▶ [THE TASK]: Everything from the line with "1个大容量猫咪旅行包，新款时尚多功能单肩包，户外休闲手提包 - 彩色 - 查看 10" through the final line of the listing below must be retyped exactly, apart from the pictures.

▶ [EXERCISE DATA]:
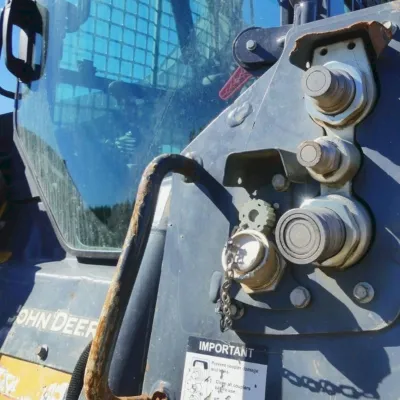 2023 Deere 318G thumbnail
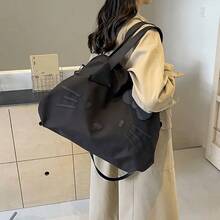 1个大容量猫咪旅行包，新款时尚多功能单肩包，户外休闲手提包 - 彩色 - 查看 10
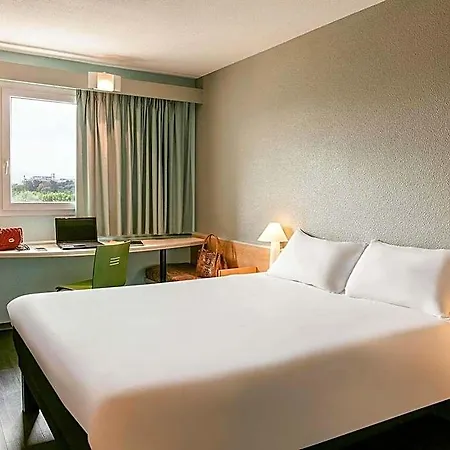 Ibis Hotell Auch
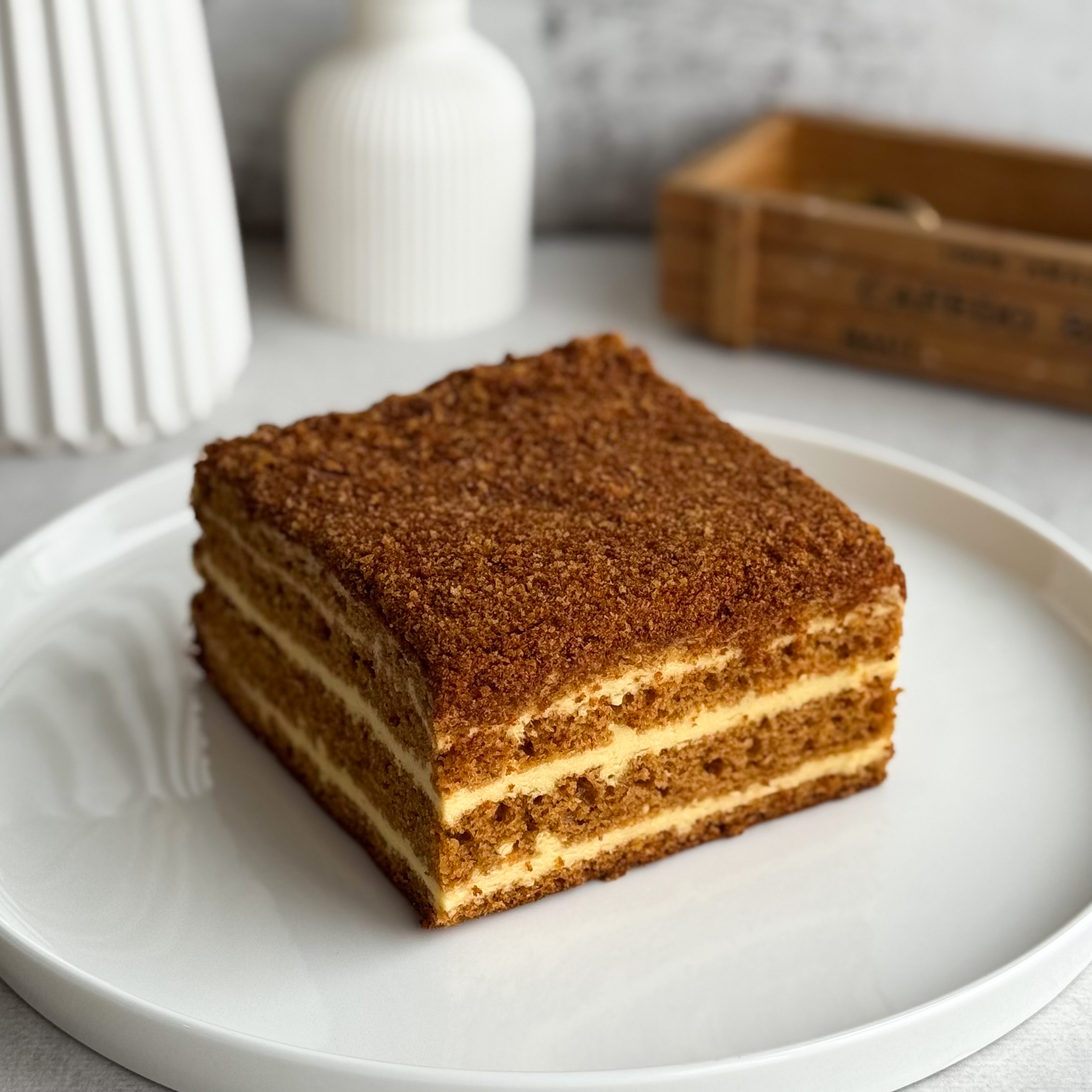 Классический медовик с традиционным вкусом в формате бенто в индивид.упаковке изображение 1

▶ [RESPONSE BELOW]:
 1个大容量猫咪旅行包，新款时尚多功能单肩包，户外休闲手提包 - 彩色 - 查看 10
 Ibis Hotell Auch
 Классический медовик с традиционным вкусом в формате бенто в индивид.упаковке изображение 1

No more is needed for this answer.